Maxine Kumin visited Pearl London's class in 1973.  That same year, she won the Pulitzer prize for her fourth book, Up Country: Poems of New England. During the seminar, Kumin explains the role of poet:

"Because, you see, this is what I conceive the function of the poet to be. Not to moralize, not to polemicize, not to grieve, not to praise, and not to damn. But to name, to tell, to authenticate, to be specific, to support what he sees and what he feels. I suppose if I have a credo, that would be the credo that I have."

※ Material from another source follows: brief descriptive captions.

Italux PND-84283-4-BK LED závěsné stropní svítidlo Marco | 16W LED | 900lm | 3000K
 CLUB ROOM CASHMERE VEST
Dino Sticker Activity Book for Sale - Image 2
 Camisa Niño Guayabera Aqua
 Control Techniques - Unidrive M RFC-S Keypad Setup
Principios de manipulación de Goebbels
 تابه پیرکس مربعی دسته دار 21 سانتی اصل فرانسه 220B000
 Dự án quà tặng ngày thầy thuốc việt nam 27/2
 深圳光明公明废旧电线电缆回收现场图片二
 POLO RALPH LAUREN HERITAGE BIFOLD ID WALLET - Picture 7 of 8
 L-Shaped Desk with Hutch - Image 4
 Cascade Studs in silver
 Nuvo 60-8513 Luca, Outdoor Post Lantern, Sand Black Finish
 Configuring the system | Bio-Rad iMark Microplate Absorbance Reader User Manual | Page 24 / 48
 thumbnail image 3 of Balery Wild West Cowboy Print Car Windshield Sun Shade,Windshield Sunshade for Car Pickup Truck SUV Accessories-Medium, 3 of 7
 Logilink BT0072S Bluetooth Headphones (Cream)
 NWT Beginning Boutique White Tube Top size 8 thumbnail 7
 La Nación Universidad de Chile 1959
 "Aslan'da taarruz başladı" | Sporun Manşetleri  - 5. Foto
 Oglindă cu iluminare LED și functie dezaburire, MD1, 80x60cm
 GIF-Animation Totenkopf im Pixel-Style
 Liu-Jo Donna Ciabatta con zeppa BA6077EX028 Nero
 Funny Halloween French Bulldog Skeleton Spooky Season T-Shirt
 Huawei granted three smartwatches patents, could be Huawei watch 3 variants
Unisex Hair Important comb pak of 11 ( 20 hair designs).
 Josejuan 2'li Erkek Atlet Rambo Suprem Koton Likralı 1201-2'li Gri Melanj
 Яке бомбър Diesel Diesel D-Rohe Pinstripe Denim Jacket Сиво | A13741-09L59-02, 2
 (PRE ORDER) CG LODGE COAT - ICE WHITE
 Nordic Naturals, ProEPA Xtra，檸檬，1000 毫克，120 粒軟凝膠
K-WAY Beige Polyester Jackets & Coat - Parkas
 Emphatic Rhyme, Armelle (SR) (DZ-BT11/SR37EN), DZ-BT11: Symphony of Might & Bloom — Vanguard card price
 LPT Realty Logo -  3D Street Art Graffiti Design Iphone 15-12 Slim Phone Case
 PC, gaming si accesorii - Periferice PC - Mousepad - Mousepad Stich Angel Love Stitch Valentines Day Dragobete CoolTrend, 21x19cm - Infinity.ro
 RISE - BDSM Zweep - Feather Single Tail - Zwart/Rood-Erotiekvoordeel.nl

Robert Hass, Poet Laureate, 1995-1997

When Robert Hass visited Pearl London's class in 1977, he brought with him a typed and notated draft of his poem, "Meditation at Lagunitas." The poem went on to become one of Hass's most celebrated poems.  Speaking with London, he confessed that the poem made him nervous; in the poem, he said, he wanted to "use abstract language and talk directly about ideas and use a long line and deal with what I was feeling and still have a poem."

 

Robert Pinsky, Poet Laureate, 1997-2000

Robert Pinsky was a guest in London's seminar in 1993. A tireless champion of poetry as a spoken art, Pinsky tells this story during his visit to Pearl London's class about a group of young professionals who took to heart his admonition to always read poetry aloud:

[audio:https://alexanderneubauer.com/wp-content/uploads/2011/01/pinsky_readingaloud.mp3|titles=pinsky_readingaloud]

Louise Glück, Poet Laureate, 2003-2004

When Glück was the guest poet in Pearl London's class in February of 1979, she read one of the poems she was working on for her not-yet-released Descending Figure. It's called "Autumnal":

[audio:https://alexanderneubauer.com/wp-content/uploads/2010/07/Gluck-reading-Autumnal-2.mp3|titles=Gluck reading Autumnal 2]

Public sorrow, the acquired
gold of the leaf, the falling off,
the prefigured burning of the yield:
which is accomplished. At the lake's edge,
the metal pails are full vats of fire.
So waste is elevated
into beauty. And the scattered dead
unite in one consuming vision of order.
In the end, everything is bare.
Above the cold, receptive earth
the trees bend. Beyond,
the lake shines, placid, giving back
the established blue of heaven.

The word
is bear: you give and give, you empty yourself
into a child. And you survive
the automatic loss. Against inhuman landscape,
the tree remains a figure for grief; its form
is forced accommodation. At the grave,
it is the woman, isn't it, who bends,
the spear useless beside her.

As I discussed in a blog post last year, this poem achieves an "egolessness" that nonetheless remains coupled with an intensely personal experience—a competing pair of qualities that Gluck told London was one of the aims of her poetry.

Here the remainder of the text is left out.